Only numbers without units are allowed, list items are to be separated with exactly ',' just for the PHP script. In general there is no good check for nonsense values, take care yourself!
cx is the x-coordinate of the center of the shape, cy is the y-coordinate of the center of the shape. For both the default value is 0 (only this is available in the test implementation above). These attributes are relevant for all types of this element.
type determines the type of a star like shape. The default value is 'regular'.
With the value 'regular' one can get easily regular polygons, both the convex ones and the star shape like non convex ones.
If the attribute density is set to the value 1, one gets convex regular polygons with the number of corners given by
the attribute points.
If density has another value, one can get non convex regular polygons and some
specific similar shapes, consisting of two or more subpaths, for example the star of David. Here points gives the
number of rays of the star like shape.
With the value 'boundary' one can get easily a set of star shapes with an inner and outer radius, corresponding to the boundary or outline of the 'regular' set.
With the value 'pointangle' one can note star like polygon shapes with discrete rotation and mirror symmetry, with two radii. The number of rays is given by the attribute points. The point angle for each ray is given by the attribute pangle.
Note for the shapes of the type 'boundary' the point angle in turns is given by (1-2density/points)/2. This can be helpful, if one wants to have a facet on a 'boundary' shape, but because it is 'boundary', obviously this does not have a facet as the 'pointangle' can have.
With the value 'list' one can note star like polygon shapes. For each point of the number of points given by the attribute points the radius and angle can be given separately in lists with the attribute r for the radii and fr for the angles. To simplify creation of symmetric shapes these lists are repeated, if the number of list items is smaller than the value of points. Additionally the angles are given relative to the position of a symmetric star with the corresponding attribute values for density and points.
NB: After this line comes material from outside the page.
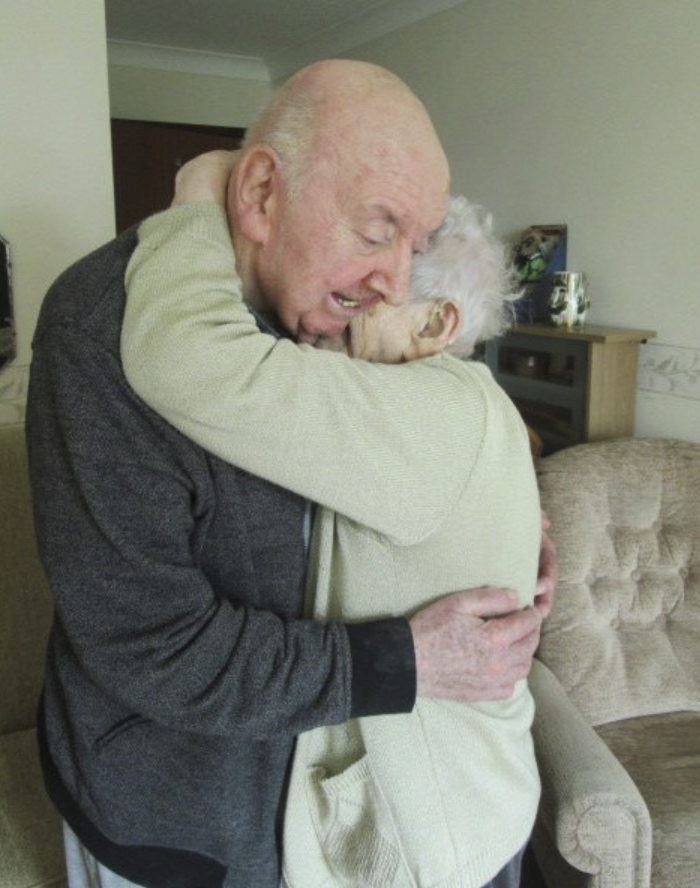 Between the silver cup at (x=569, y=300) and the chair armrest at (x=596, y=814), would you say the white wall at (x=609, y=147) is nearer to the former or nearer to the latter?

With the value 'curve' one uses cubic Bézier curves instead of a polygon, else the structure is comparable to the type 'list', but there need to be lists for the control points as well. For each point there are two control points, one in the path progress to the next point, one to the previous point. The attributes sn and sp provide relative strength or length information about the direction at the current point into the next curve segment respectively from the previous path segment into the current point. The attributes an and ap provide corresponding angle information.
With the value 'bar' one uses trapezia as rays, points provides the number of rays, the attribute barwidth the outer and inner width of each ray.
points gives the number of points contributing to a path. The default is '3'.
For the types 'boundary', 'bar' and 'pointangle' these are only the number of rays.
The used number of points is determined as follows from a given value: max(1,ceil(value))
Note that the values 1 or 2 are typically only meaningful for the type curve.
density gives the number of turns, the rays are distributed. Respectively this decides, to which of the next points a
line or curve is drawn. This attribute does not apply for the types 'bar' and 'pointangle'.
The default is 1. The noted value is fixed to density=max(1,ceil(value) % points).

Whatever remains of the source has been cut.